Culture, diversity and strategic planning
In light of growing international interest and scrutiny of corporate practices we set out to explore how three major aspects of governance – the role of culture, board composition and strategic planning – are affecting businesses around the world.
Corporate governance: The tone from the top draws on 1,865 telephone interviews with business leaders in 36 countries through our International Business Report (IBR), and 86 in-depth interviews with board directors in eight countries to answer five critical questions in corporate governance today.
1. Whose responsibility is culture?
The definition of business culture varies between countries but nine in ten business leaders believe culture is important to a robust governance framework and board members generally agree that it is the board which needs to build and foster this culture. Regulators are also becoming more vocal on the role of culture and expectations for boards.

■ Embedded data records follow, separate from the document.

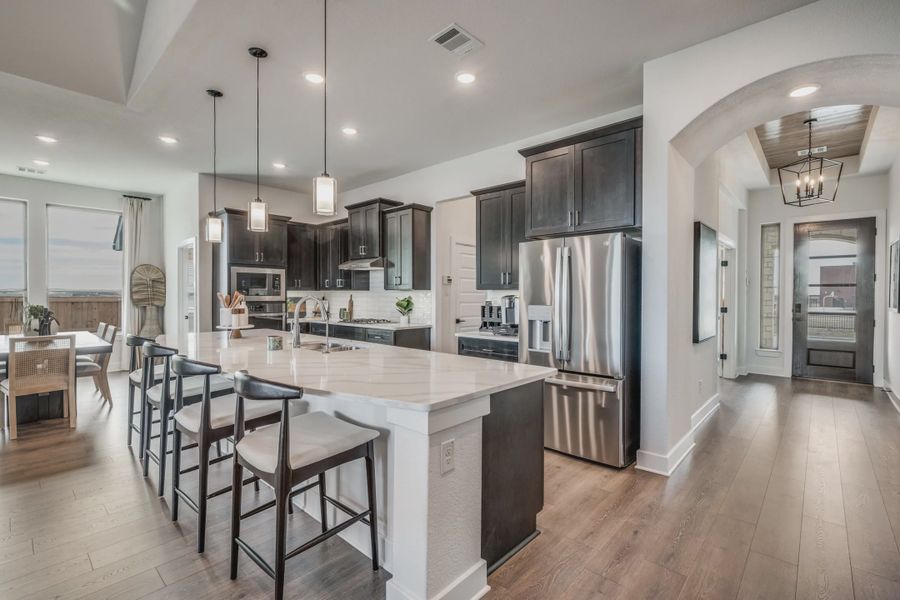 Representative furnished interior of a home built from the Princeton by Chesmar Homes in Silo Mills, Joshua (Image 2). Representative furnished interior of a home built from the Princeton by Chesmar Homes in Silo Mills, Joshua (Image 2).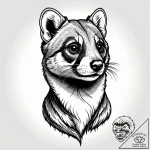 Ferret – style Jagger Old – tattoo sketch (07.11.2025 19:18)
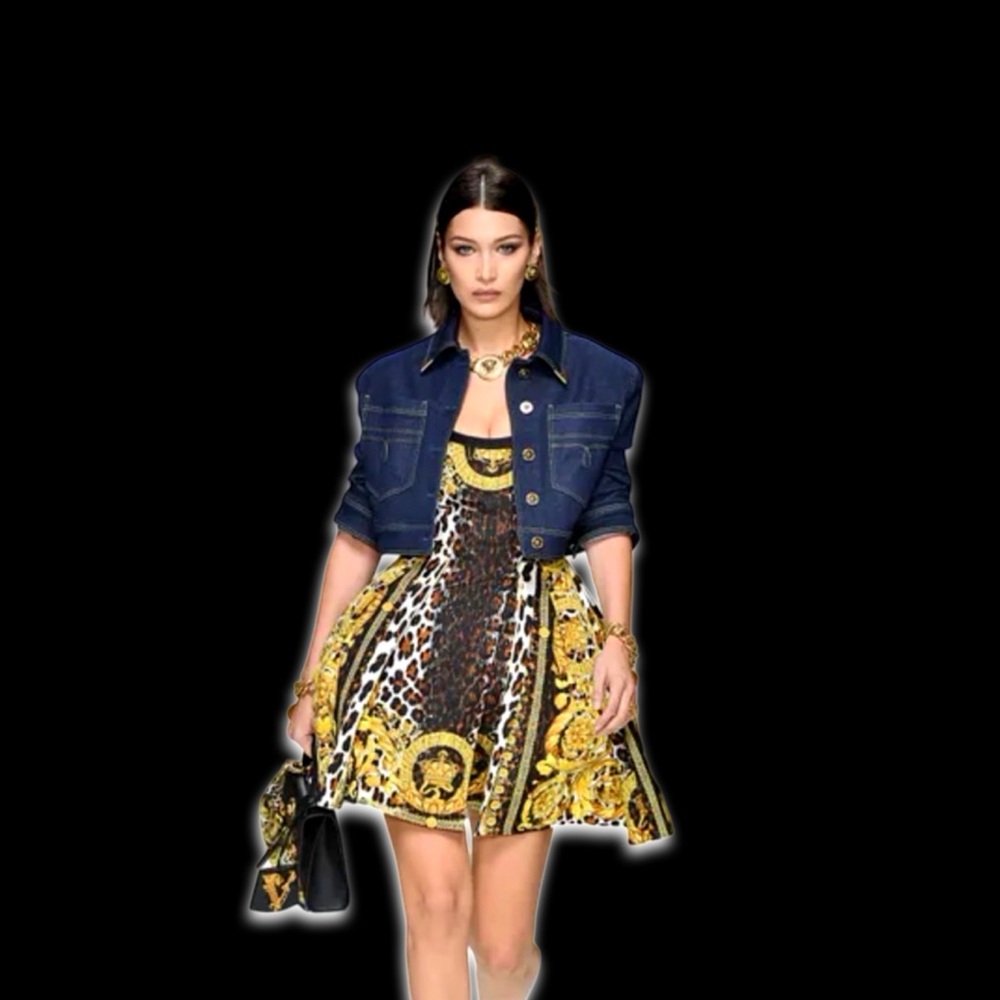 Versace Gold XL Chain Link Runway Editorial Medusa Triple Medallion Necklace - Picture 13 of 14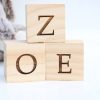 Personalized Wooden Name Blocks Custom Nursery Decor for Your Little One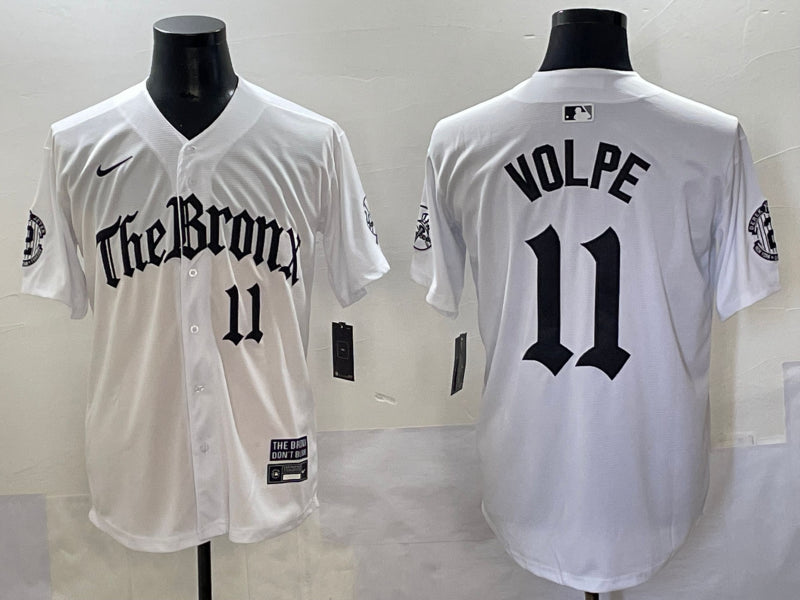 Men’s New York Yankees Anthony Volpe #11 White Alternate Limited Jersey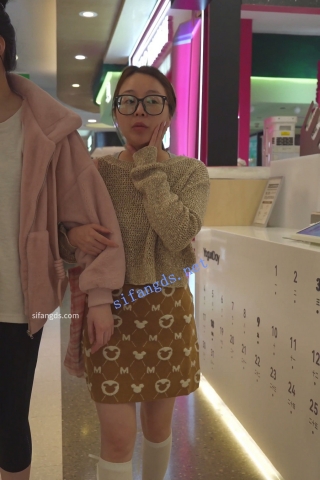 (BC-AA-538)喜欢豹纹的小姐姐..豹纹发圈搭配豹纹骚窄内逛街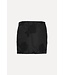 ROTATE Cotton mini skirt Black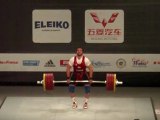 World Weightlifting Championships - M85kgB - Shrezodjon YUSUPOV - Clean & Jerk 2 - 205kg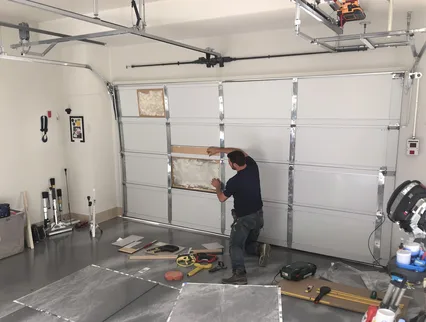 Garage Door Panel Repair in La Verne
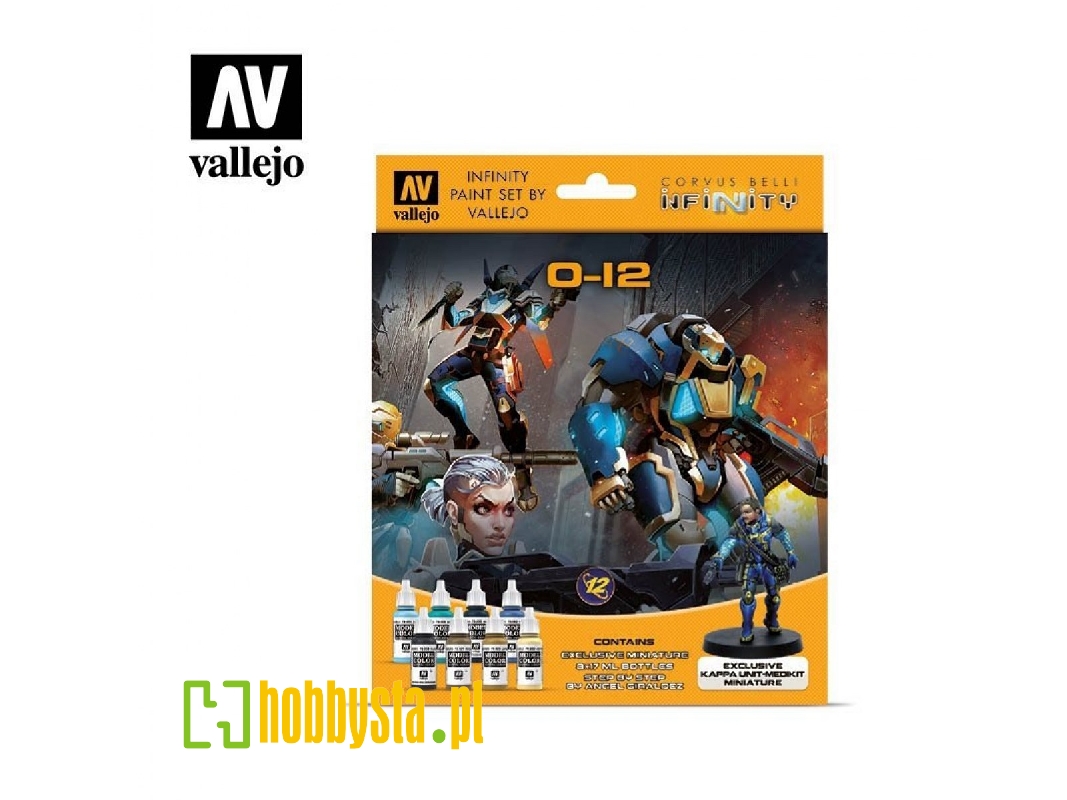 70239 O-12 Kappa Infinity Paint Set + Exclusive Mini - image 1 70239 O-12 Kappa Infinity Paint Set + Exclusive Mini - image 1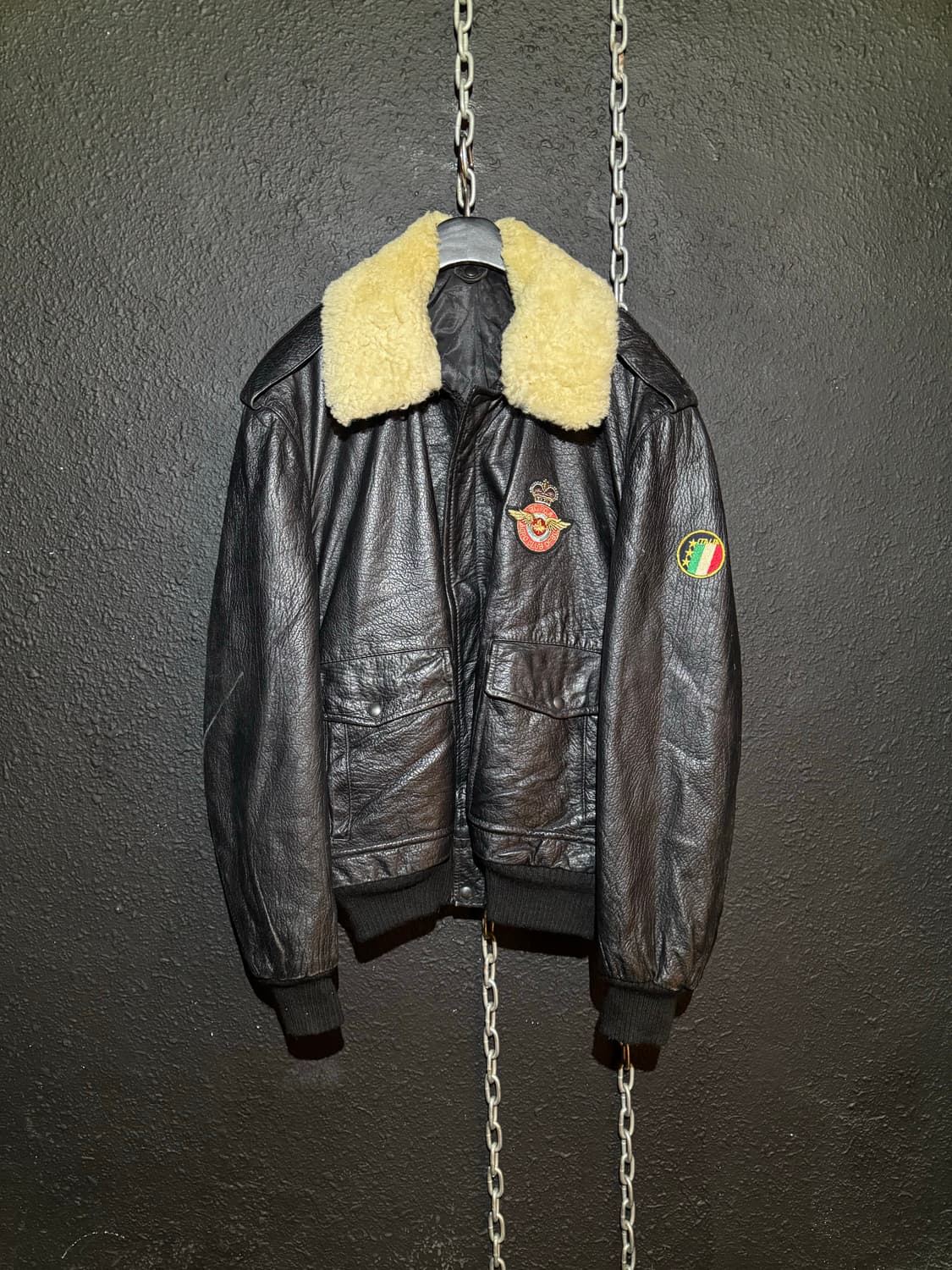 Aeropell – RAF Type Shearling Collar Lea 상품이미지1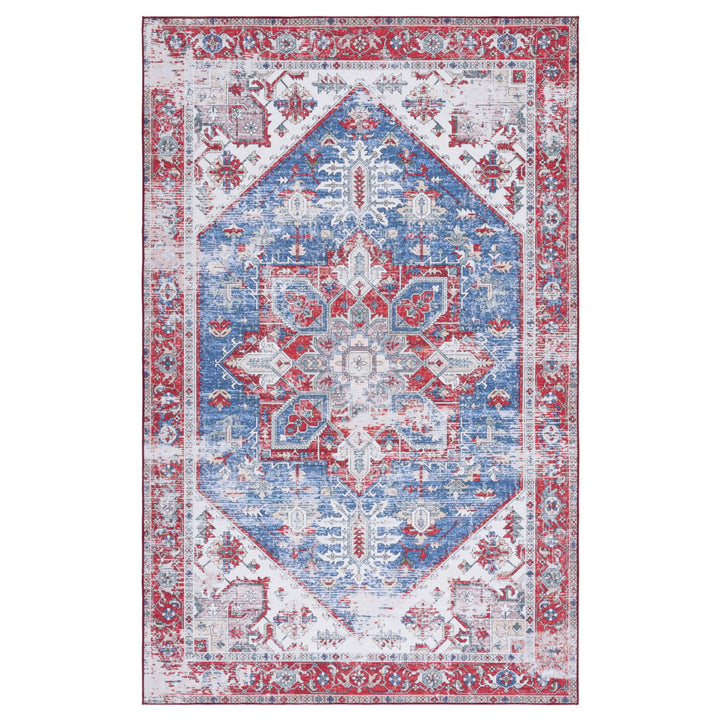 SAFAVIEH TSN102M Tucson Blue / Red Image 1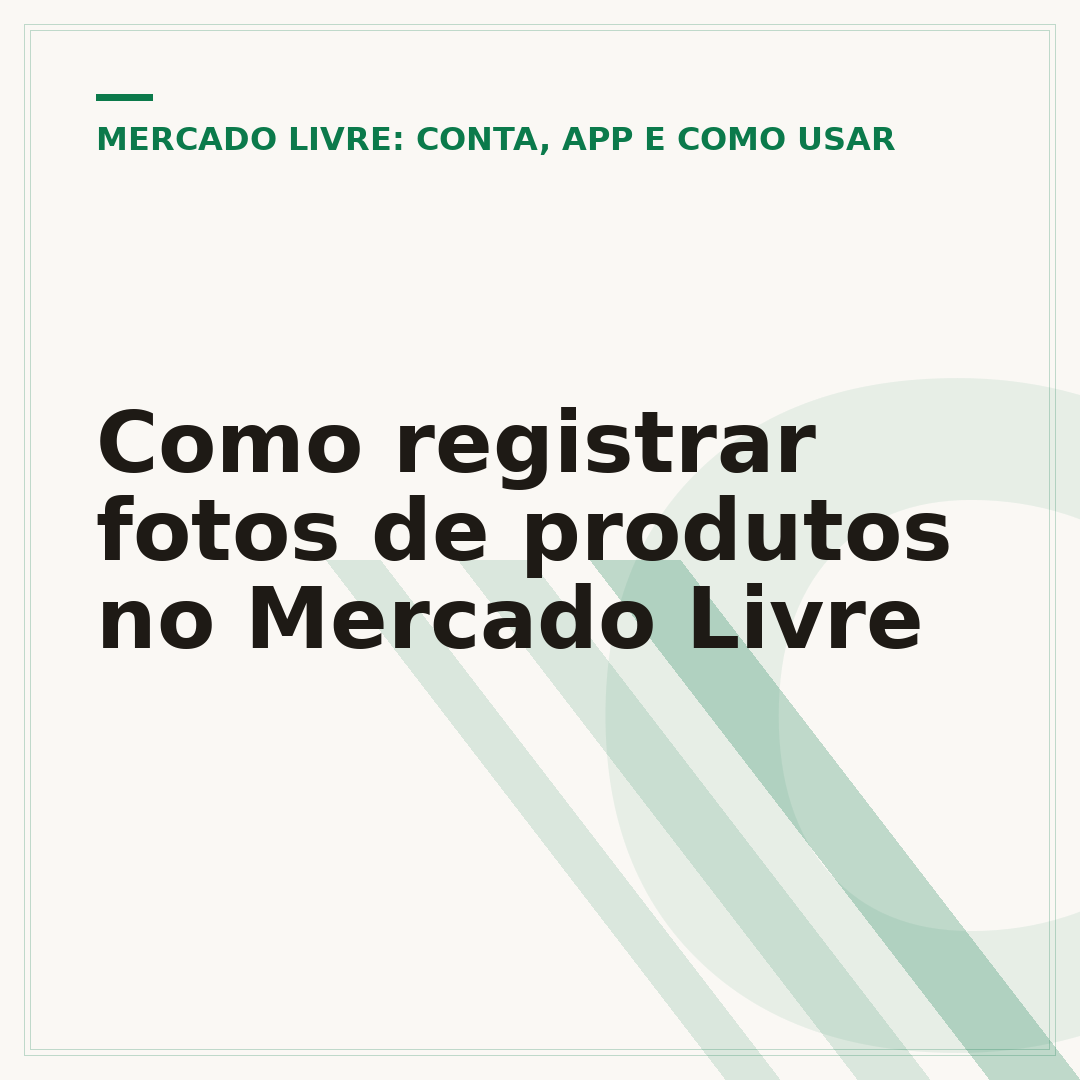 Como registrar fotos de produtos no Mercado Livre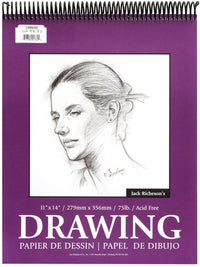 Drawing Pads 75#, Top Spiral Bound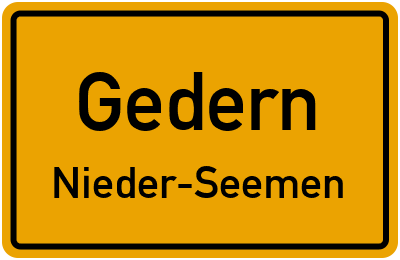 Straßenverzeichnis Gedern Nieder-Seemen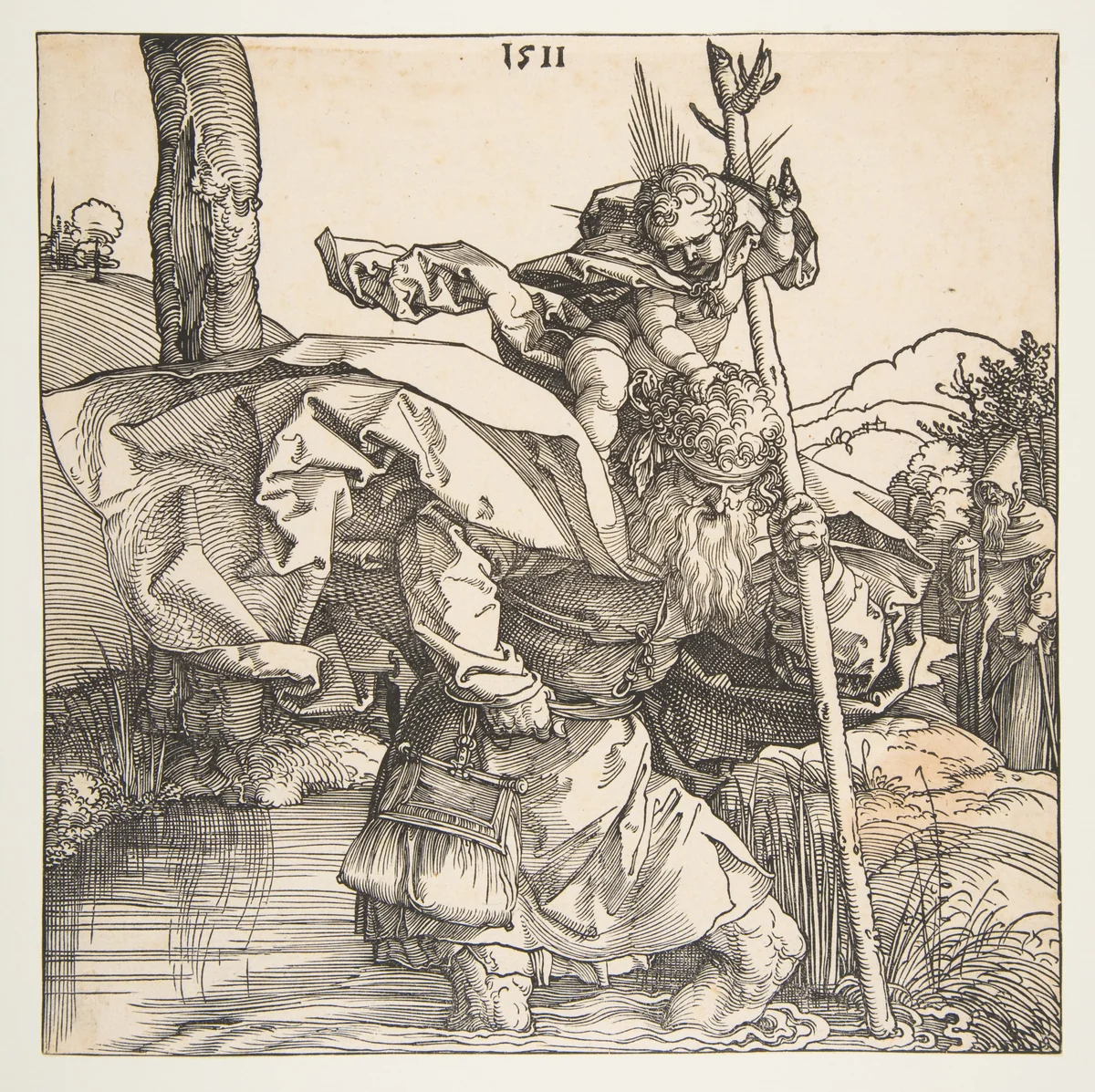 Saint Christopher by Albrecht Dürer, print, 1511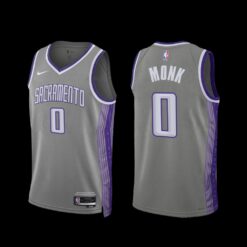 Sacramento Kings Malik Monk 2022-23 City Edition Jersey Grey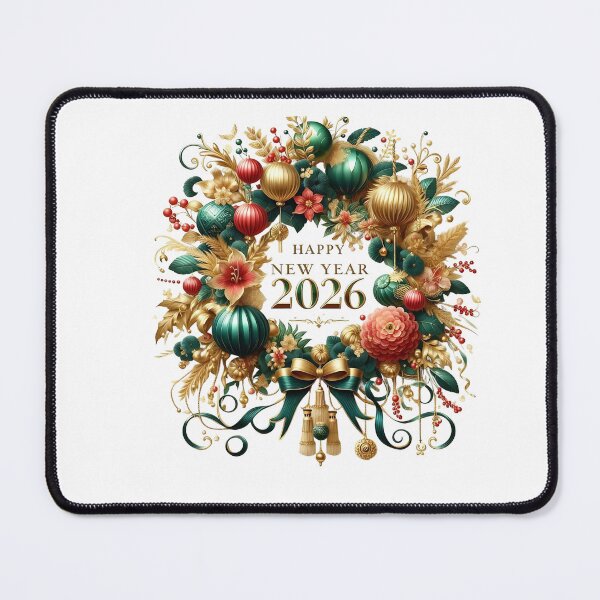 Item preview, Happy New Year 2026 Ornaments – Festive Holiday Graphic designed and sold by GoxyVision.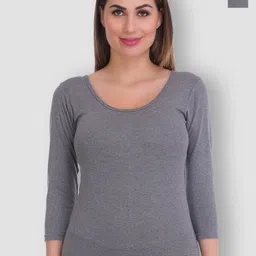 SELFCARE Pack Of 2 Round Neck Thermal Tops-image-49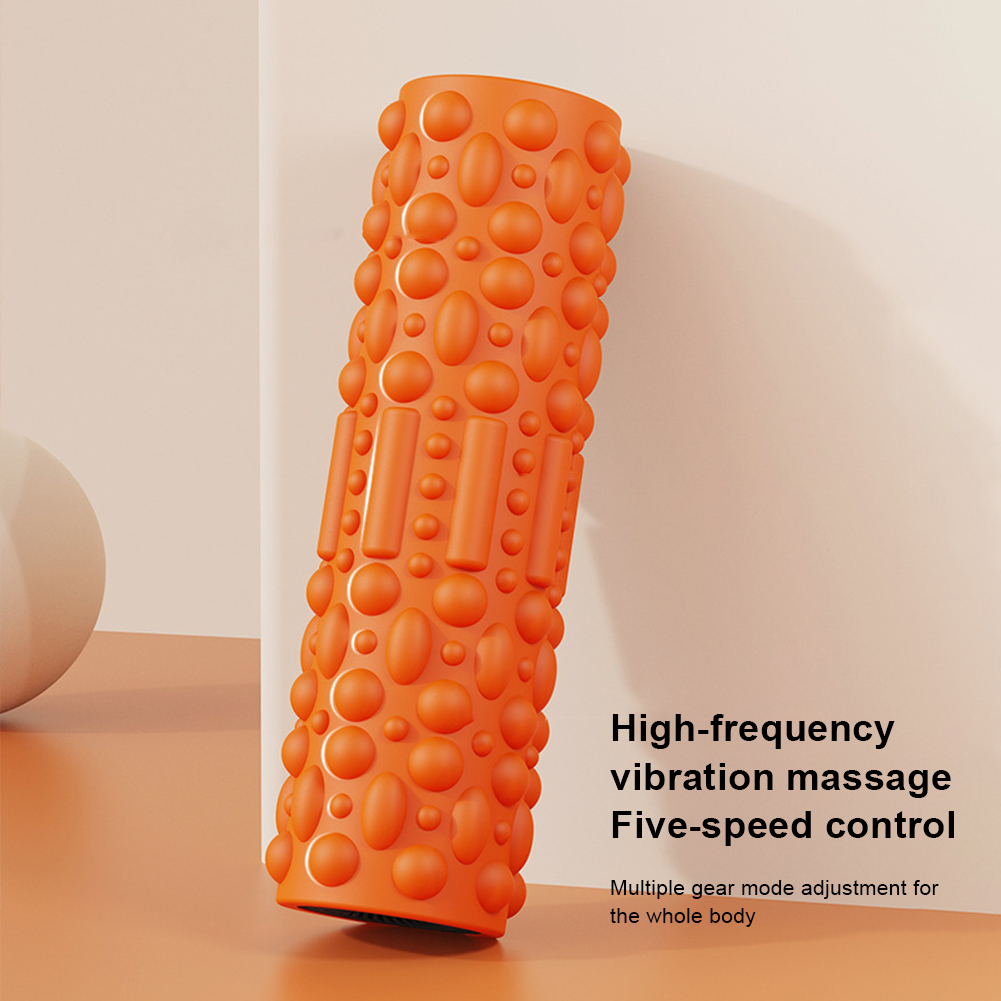 Electric Vibrating Foam Roller - Pilates Yoga Exercises review and price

One in five business leaders said that their boards do not spend enough time focusing on culture.
2. How can boards foster a culture of good governance?
A good governance culture directs how a company behaves, shaping the signature behaviours which bring corporate codes of conduct to life. There is no standard empirical method of measuring culture, but two-thirds of business leaders around the world believe the amount of time their boards spend looking at the broader issue is 'about right' although some board members indicated that boards focus on culture only in response to compliance issues. Board members also cited integrity and transparency as the principles that should underpin every action a business takes, which might be harder when the company is facing tough challenges.
3. What does ‘diversity’ really mean and how can it be encouraged?
There are many different forms of diversity but two thirds of business leaders surveyed believe their boards are effective in encouraging it (with those in listed businesses more satisfied than their privately held counterparts) but just a sixth of directors globally are women. Board members agree that there is a lack of diversity on boards which makes 'groupthink' a bigger danger. They want to look beyond gender to also seek diversity of culture, background, knowledge and thought.
4. What skills do boards need now and in the future?
Succession planning on boards - to ensure consistency but also to better adapt to new developments in the business environment - has risen up the corporate agenda. Business leaders want their board members to have current industry knowledge, whereas board members themselves indicated more interest in their peers bringing new ideas to the table and having the time available to contribute effectively. A particular concern is technology and whether boards have sufficient current knowledge of the digital space to appropriately advise their management teams.
5. Is there a conflict of interest between short-term profits and long-term growth?
Different industries operate to different planning horizons - for example, mining and utilities need to take a much longer-term view than technology companies - and electoral cycles can also play a significant role. Almost three-quarters of the businesses globally operate under a planning cycle of three years or less. Most board directors believe this is an appropriate planning horizon although some would like to see CEO compensation linked to longer-term performance to avoid operational decisions being driven solely by quarterly reporting.